Fault Lines is one of many recent books struggling to take readers by the hand and guide them through our current cultural moment, of pupils suddenly being asked to inform their teachers of their “preferred pronouns,” of toppling statues, burning cities, and careers ruined by one suspect utterance. Fault Lines belongs on the same bookshelf as James Lindsay and Helen Pluckrose’s Cynical Theories: How Activist Scholarship Made Everything about Race, Gender, and Identity – And Why This Harms Everybody, as well as Douglas Murray’s The Madness of Crowds: Gender, Race, and Identity. Cynical Theories goes into greater detail on the roots of today’s hysteria, and its authors are Christophobic atheists who hold up a vague and unhistorical notion of “The Enlightenment” as our salvation. Douglas Murray, a former Christian and current atheist, appears to despair of any hope; rather, he’s given to dire prognostications: “The US is on the brink of Civil War;” Murray has said; the Western world is “standing on the precipice” of cultural annihilation.

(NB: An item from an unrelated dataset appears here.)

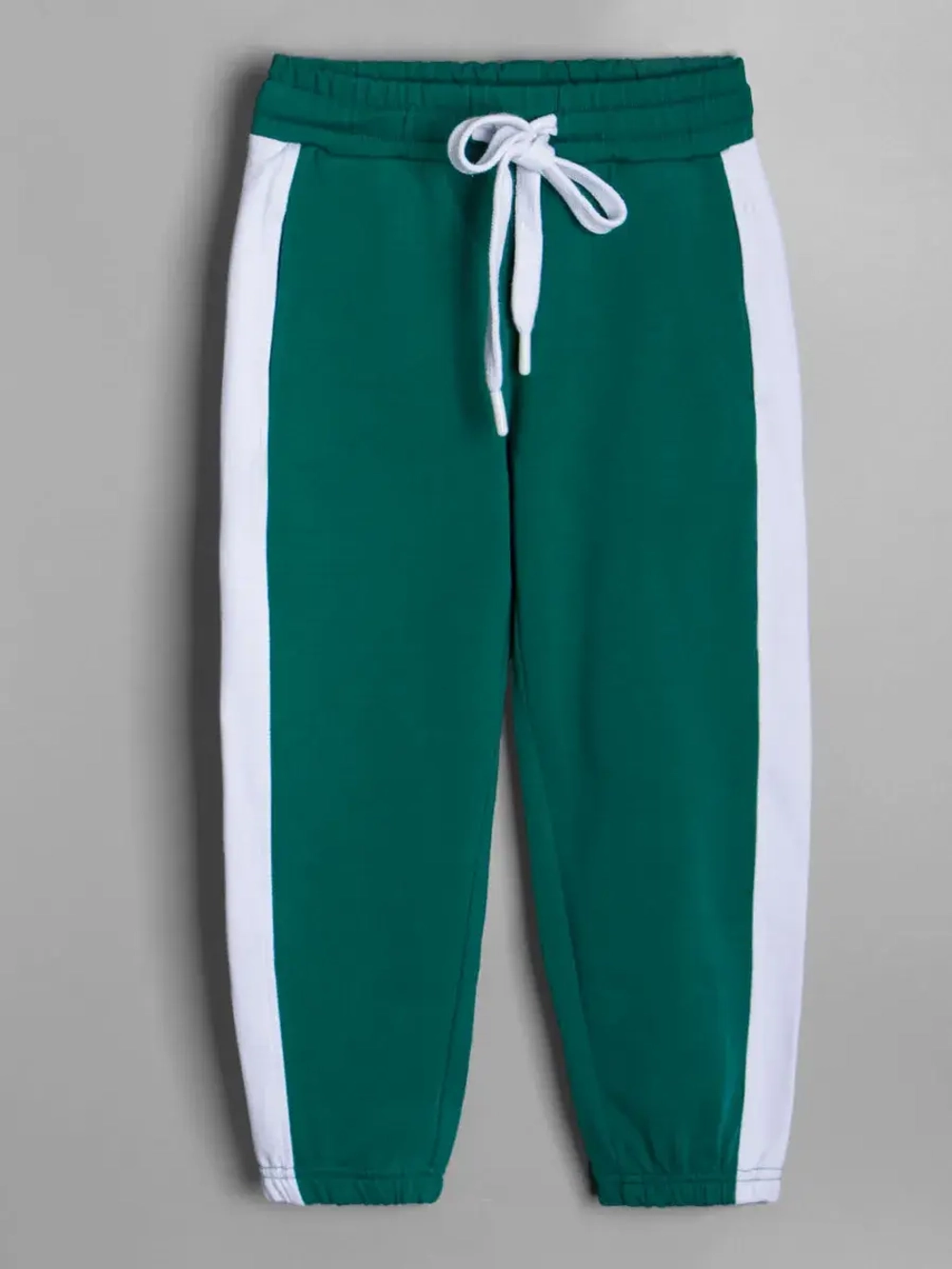 Спортивный костюм для девочки в школу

Voddie T. Baucham has one up on Lindsey, Pluckrose, and Murray. Yes, Baucham recognizes how bad things are. “The United States is on the verge of a race war, if not a complete cultural meltdown,” Baucham predicts. But Baucham offers hope, and he offers healing. He finds both in Christian faith. Again, though, you don’t have to be a Christian to benefit from reading Fault Lines.
Fault Lines is very reader-friendly. Lindsey and Pluckrose offer much more detailed and academic surveys of how Marxism’s twisted evolution lead to the concept of “microaggressions” and social media videos in which obese women insist that if you aren’t sexually attracted to them you are a bigot. Like those authors, Baucham also introduces his reader to influential progenitors of Woke like Antonio Gramsci, Derrick Bell, Kimberle Crenshaw, and Peggy McIntosh, but more briefly. Clearly, Baucham exhibits the Evangelical’s zeal to reach the maximum audience with the deepest truths, while never allowing academic jargon to get in the way. This is a book you could understand even if you were reading it in a noisy and crowded subway car. Its ease of reading in no way diminishes its profundity.